··· Data supplied ···
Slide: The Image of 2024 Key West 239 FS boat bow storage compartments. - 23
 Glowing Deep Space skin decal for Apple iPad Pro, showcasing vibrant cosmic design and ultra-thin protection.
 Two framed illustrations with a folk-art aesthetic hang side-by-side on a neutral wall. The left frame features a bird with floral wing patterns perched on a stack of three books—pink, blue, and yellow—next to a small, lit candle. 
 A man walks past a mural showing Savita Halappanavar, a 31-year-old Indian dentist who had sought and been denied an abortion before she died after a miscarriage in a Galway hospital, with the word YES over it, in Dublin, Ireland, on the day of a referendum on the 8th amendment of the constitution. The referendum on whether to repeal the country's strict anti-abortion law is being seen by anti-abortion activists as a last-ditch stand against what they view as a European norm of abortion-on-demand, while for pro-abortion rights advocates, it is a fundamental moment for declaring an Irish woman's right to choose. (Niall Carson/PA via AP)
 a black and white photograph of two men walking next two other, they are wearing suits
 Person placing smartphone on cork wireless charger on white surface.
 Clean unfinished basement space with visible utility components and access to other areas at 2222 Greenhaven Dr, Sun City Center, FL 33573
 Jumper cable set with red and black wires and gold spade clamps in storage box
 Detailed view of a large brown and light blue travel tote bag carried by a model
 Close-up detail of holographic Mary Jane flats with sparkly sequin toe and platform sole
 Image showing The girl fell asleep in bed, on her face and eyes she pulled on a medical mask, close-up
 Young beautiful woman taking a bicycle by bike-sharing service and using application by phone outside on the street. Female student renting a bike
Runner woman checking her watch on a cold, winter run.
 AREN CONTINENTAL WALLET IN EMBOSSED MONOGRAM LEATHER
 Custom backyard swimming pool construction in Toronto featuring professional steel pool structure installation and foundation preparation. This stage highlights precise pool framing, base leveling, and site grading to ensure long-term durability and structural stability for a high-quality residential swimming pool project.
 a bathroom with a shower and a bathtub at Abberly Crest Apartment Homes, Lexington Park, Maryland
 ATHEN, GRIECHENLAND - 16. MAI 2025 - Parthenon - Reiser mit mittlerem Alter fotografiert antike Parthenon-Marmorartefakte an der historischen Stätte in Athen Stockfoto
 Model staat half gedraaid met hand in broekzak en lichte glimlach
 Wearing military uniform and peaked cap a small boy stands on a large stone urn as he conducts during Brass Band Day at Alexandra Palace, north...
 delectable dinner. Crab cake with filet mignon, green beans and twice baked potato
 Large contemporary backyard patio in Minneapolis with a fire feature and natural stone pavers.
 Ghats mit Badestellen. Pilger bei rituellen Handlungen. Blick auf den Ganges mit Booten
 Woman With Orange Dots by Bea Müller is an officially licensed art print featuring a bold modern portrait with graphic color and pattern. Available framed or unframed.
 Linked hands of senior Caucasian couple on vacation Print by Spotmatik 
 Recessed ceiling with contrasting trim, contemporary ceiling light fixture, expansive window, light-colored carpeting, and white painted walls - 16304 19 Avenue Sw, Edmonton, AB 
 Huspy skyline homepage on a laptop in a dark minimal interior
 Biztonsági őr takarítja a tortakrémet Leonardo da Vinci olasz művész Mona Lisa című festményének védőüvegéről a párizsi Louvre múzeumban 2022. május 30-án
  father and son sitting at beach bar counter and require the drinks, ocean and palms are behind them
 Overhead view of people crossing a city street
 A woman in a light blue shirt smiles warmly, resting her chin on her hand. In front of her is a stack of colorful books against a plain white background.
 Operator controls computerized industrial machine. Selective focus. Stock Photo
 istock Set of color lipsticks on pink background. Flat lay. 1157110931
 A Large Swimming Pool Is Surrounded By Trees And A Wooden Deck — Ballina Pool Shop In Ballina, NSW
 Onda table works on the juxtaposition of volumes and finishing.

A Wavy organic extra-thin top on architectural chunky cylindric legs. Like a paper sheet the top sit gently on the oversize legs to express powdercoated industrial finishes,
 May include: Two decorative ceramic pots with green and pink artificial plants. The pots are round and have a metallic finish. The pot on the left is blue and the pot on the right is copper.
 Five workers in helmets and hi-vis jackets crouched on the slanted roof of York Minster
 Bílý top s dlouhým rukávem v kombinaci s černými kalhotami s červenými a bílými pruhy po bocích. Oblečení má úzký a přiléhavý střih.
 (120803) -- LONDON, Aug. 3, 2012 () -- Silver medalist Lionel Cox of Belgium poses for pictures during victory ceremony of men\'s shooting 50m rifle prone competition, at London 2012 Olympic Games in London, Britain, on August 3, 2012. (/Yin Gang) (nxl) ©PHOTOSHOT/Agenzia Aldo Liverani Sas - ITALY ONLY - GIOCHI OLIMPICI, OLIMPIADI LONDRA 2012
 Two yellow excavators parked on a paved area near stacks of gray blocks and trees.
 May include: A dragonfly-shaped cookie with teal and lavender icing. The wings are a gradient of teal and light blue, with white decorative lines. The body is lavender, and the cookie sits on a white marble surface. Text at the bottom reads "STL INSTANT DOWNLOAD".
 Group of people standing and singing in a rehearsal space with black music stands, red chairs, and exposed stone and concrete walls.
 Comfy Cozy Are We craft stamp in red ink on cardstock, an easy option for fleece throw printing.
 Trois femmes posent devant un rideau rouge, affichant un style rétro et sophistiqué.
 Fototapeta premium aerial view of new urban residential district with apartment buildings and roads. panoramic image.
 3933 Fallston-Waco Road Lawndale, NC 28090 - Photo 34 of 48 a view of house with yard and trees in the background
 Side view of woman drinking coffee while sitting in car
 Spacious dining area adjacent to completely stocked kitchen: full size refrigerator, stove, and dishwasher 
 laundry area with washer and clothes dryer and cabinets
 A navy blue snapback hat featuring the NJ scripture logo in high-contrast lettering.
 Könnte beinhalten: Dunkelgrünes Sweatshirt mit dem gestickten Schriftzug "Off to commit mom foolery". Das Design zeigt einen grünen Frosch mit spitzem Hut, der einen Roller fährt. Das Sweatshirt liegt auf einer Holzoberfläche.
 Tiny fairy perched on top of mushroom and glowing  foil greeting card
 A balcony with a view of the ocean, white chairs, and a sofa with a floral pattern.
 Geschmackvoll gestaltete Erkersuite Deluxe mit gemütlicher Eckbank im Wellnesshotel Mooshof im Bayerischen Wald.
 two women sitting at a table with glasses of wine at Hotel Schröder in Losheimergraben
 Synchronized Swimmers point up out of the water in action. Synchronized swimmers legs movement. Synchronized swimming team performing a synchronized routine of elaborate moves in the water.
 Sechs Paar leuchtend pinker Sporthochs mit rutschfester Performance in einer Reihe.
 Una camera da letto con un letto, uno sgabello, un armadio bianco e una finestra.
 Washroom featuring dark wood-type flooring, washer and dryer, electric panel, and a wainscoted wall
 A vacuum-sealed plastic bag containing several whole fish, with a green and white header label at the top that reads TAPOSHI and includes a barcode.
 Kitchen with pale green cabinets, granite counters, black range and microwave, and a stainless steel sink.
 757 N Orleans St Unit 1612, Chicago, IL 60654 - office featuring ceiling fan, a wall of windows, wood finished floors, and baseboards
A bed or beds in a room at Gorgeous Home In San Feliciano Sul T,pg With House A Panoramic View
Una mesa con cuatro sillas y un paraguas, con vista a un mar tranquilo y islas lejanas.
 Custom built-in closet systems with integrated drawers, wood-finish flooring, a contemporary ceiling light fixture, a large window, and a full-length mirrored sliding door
···
## The task:
With nothing left out, transcribe the records above exactly.

## Output for this exercise:
Slide: The Image of 2024 Key West 239 FS boat bow storage compartments. - 23
 Glowing Deep Space skin decal for Apple iPad Pro, showcasing vibrant cosmic design and ultra-thin protection.
 Two framed illustrations with a folk-art aesthetic hang side-by-side on a neutral wall. The left frame features a bird with floral wing patterns perched on a stack of three books—pink, blue, and yellow—next to a small, lit candle. 
 A man walks past a mural showing Savita Halappanavar, a 31-year-old Indian dentist who had sought and been denied an abortion before she died after a miscarriage in a Galway hospital, with the word YES over it, in Dublin, Ireland, on the day of a referendum on the 8th amendment of the constitution. The referendum on whether to repeal the country's strict anti-abortion law is being seen by anti-abortion activists as a last-ditch stand against what they view as a European norm of abortion-on-demand, while for pro-abortion rights advocates, it is a fundamental moment for declaring an Irish woman's right to choose. (Niall Carson/PA via AP)
 a black and white photograph of two men walking next two other, they are wearing suits
 Person placing smartphone on cork wireless charger on white surface.
 Clean unfinished basement space with visible utility components and access to other areas at 2222 Greenhaven Dr, Sun City Center, FL 33573
 Jumper cable set with red and black wires and gold spade clamps in storage box
 Detailed view of a large brown and light blue travel tote bag carried by a model
 Close-up detail of holographic Mary Jane flats with sparkly sequin toe and platform sole
 Image showing The girl fell asleep in bed, on her face and eyes she pulled on a medical mask, close-up
 Young beautiful woman taking a bicycle by bike-sharing service and using application by phone outside on the street. Female student renting a bike
Runner woman checking her watch on a cold, winter run.
 AREN CONTINENTAL WALLET IN EMBOSSED MONOGRAM LEATHER
 Custom backyard swimming pool construction in Toronto featuring professional steel pool structure installation and foundation preparation. This stage highlights precise pool framing, base leveling, and site grading to ensure long-term durability and structural stability for a high-quality residential swimming pool project.
 a bathroom with a shower and a bathtub at Abberly Crest Apartment Homes, Lexington Park, Maryland
 ATHEN, GRIECHENLAND - 16. MAI 2025 - Parthenon - Reiser mit mittlerem Alter fotografiert antike Parthenon-Marmorartefakte an der historischen Stätte in Athen Stockfoto
 Model staat half gedraaid met hand in broekzak en lichte glimlach
 Wearing military uniform and peaked cap a small boy stands on a large stone urn as he conducts during Brass Band Day at Alexandra Palace, north...
 delectable dinner. Crab cake with filet mignon, green beans and twice baked potato
 Large contemporary backyard patio in Minneapolis with a fire feature and natural stone pavers.
 Ghats mit Badestellen. Pilger bei rituellen Handlungen. Blick auf den Ganges mit Booten
 Woman With Orange Dots by Bea Müller is an officially licensed art print featuring a bold modern portrait with graphic color and pattern. Available framed or unframed.
 Linked hands of senior Caucasian couple on vacation Print by Spotmatik 
 Recessed ceiling with contrasting trim, contemporary ceiling light fixture, expansive window, light-colored carpeting, and white painted walls - 16304 19 Avenue Sw, Edmonton, AB 
 Huspy skyline homepage on a laptop in a dark minimal interior
 Biztonsági őr takarítja a tortakrémet Leonardo da Vinci olasz művész Mona Lisa című festményének védőüvegéről a párizsi Louvre múzeumban 2022. május 30-án
  father and son sitting at beach bar counter and require the drinks, ocean and palms are behind them
 Overhead view of people crossing a city street
 A woman in a light blue shirt smiles warmly, resting her chin on her hand. In front of her is a stack of colorful books against a plain white background.
 Operator controls computerized industrial machine. Selective focus. Stock Photo
 istock Set of color lipsticks on pink background. Flat lay. 1157110931
 A Large Swimming Pool Is Surrounded By Trees And A Wooden Deck — Ballina Pool Shop In Ballina, NSW
 Onda table works on the juxtaposition of volumes and finishing.

A Wavy organic extra-thin top on architectural chunky cylindric legs. Like a paper sheet the top sit gently on the oversize legs to express powdercoated industrial finishes,
 May include: Two decorative ceramic pots with green and pink artificial plants. The pots are round and have a metallic finish. The pot on the left is blue and the pot on the right is copper.
 Five workers in helmets and hi-vis jackets crouched on the slanted roof of York Minster
 Bílý top s dlouhým rukávem v kombinaci s černými kalhotami s červenými a bílými pruhy po bocích. Oblečení má úzký a přiléhavý střih.
 (120803) -- LONDON, Aug. 3, 2012 () -- Silver medalist Lionel Cox of Belgium poses for pictures during victory ceremony of men\'s shooting 50m rifle prone competition, at London 2012 Olympic Games in London, Britain, on August 3, 2012. (/Yin Gang) (nxl) ©PHOTOSHOT/Agenzia Aldo Liverani Sas - ITALY ONLY - GIOCHI OLIMPICI, OLIMPIADI LONDRA 2012
 Two yellow excavators parked on a paved area near stacks of gray blocks and trees.
 May include: A dragonfly-shaped cookie with teal and lavender icing. The wings are a gradient of teal and light blue, with white decorative lines. The body is lavender, and the cookie sits on a white marble surface. Text at the bottom reads "STL INSTANT DOWNLOAD".
 Group of people standing and singing in a rehearsal space with black music stands, red chairs, and exposed stone and concrete walls.
 Comfy Cozy Are We craft stamp in red ink on cardstock, an easy option for fleece throw printing.
 Trois femmes posent devant un rideau rouge, affichant un style rétro et sophistiqué.
 Fototapeta premium aerial view of new urban residential district with apartment buildings and roads. panoramic image.
 3933 Fallston-Waco Road Lawndale, NC 28090 - Photo 34 of 48 a view of house with yard and trees in the background
 Side view of woman drinking coffee while sitting in car
 Spacious dining area adjacent to completely stocked kitchen: full size refrigerator, stove, and dishwasher 
 laundry area with washer and clothes dryer and cabinets
 A navy blue snapback hat featuring the NJ scripture logo in high-contrast lettering.
 Könnte beinhalten: Dunkelgrünes Sweatshirt mit dem gestickten Schriftzug "Off to commit mom foolery". Das Design zeigt einen grünen Frosch mit spitzem Hut, der einen Roller fährt. Das Sweatshirt liegt auf einer Holzoberfläche.
 Tiny fairy perched on top of mushroom and glowing  foil greeting card
 A balcony with a view of the ocean, white chairs, and a sofa with a floral pattern.
 Geschmackvoll gestaltete Erkersuite Deluxe mit gemütlicher Eckbank im Wellnesshotel Mooshof im Bayerischen Wald.
 two women sitting at a table with glasses of wine at Hotel Schröder in Losheimergraben
 Synchronized Swimmers point up out of the water in action. Synchronized swimmers legs movement. Synchronized swimming team performing a synchronized routine of elaborate moves in the water.
 Sechs Paar leuchtend pinker Sporthochs mit rutschfester Performance in einer Reihe.
 Una camera da letto con un letto, uno sgabello, un armadio bianco e una finestra.
 Washroom featuring dark wood-type flooring, washer and dryer, electric panel, and a wainscoted wall
 A vacuum-sealed plastic bag containing several whole fish, with a green and white header label at the top that reads TAPOSHI and includes a barcode.
 Kitchen with pale green cabinets, granite counters, black range and microwave, and a stainless steel sink.
 757 N Orleans St Unit 1612, Chicago, IL 60654 - office featuring ceiling fan, a wall of windows, wood finished floors, and baseboards
A bed or beds in a room at Gorgeous Home In San Feliciano Sul T,pg With House A Panoramic View
Una mesa con cuatro sillas y un paraguas, con vista a un mar tranquilo y islas lejanas.
 Custom built-in closet systems with integrated drawers, wood-finish flooring, a contemporary ceiling light fixture, a large window, and a full-length mirrored sliding door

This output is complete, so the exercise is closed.